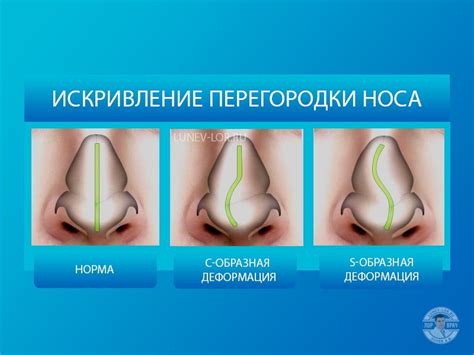 Решение проблемы с утканьем носа в кровать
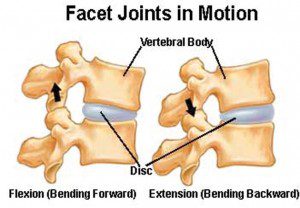 What is Cervical Facet Syndrome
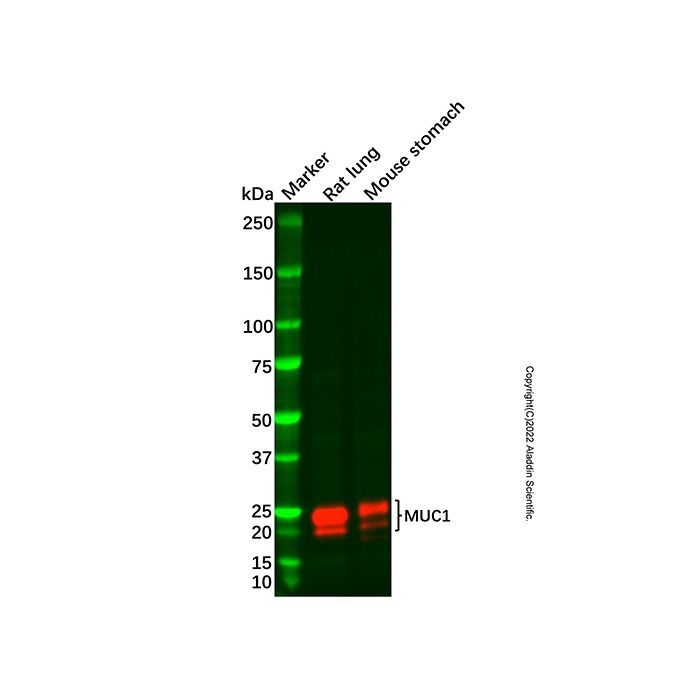 Recombinant MUC1 Antibody -    by Aladdin Scientific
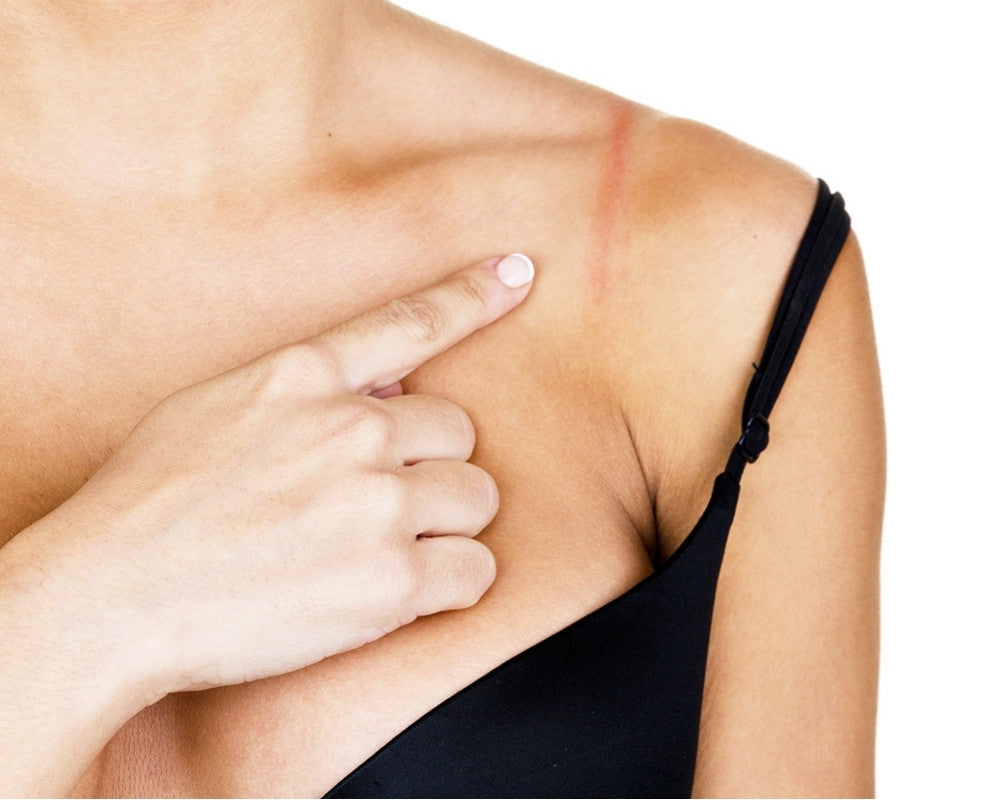 How To Fix Common Bra Problems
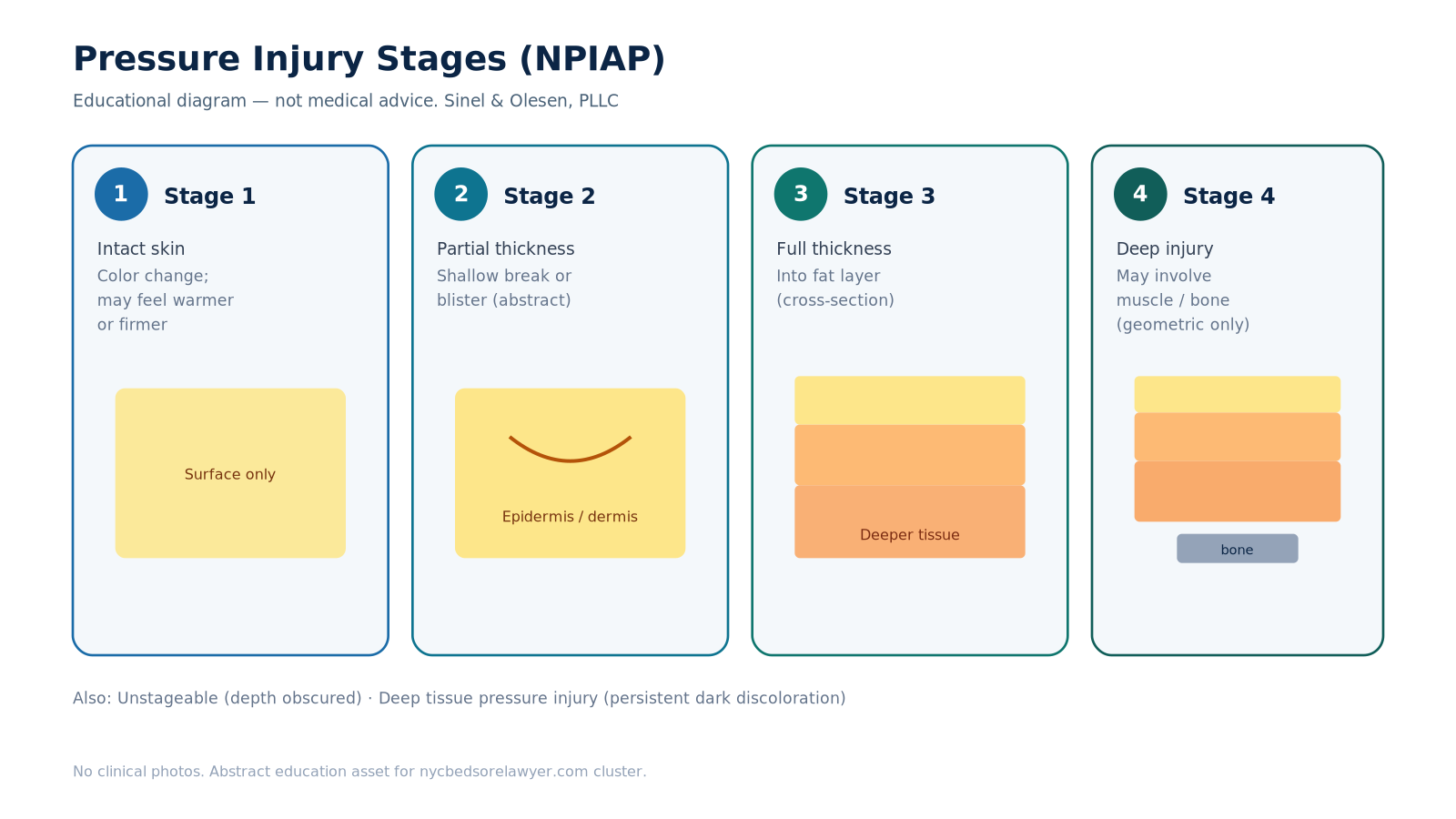 Abstract NPIAP pressure injury stages 1–4 educational diagram — no clinical photos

----

▸ **YOUR GOAL**:
The answer is the whole listing above, written out verbatim, without its pictures.

▸ **EXERCISE RESULT**:
 Решение проблемы с утканьем носа в кровать
 What is Cervical Facet Syndrome
 Recombinant MUC1 Antibody -    by Aladdin Scientific
 How To Fix Common Bra Problems
 Abstract NPIAP pressure injury stages 1–4 educational diagram — no clinical photos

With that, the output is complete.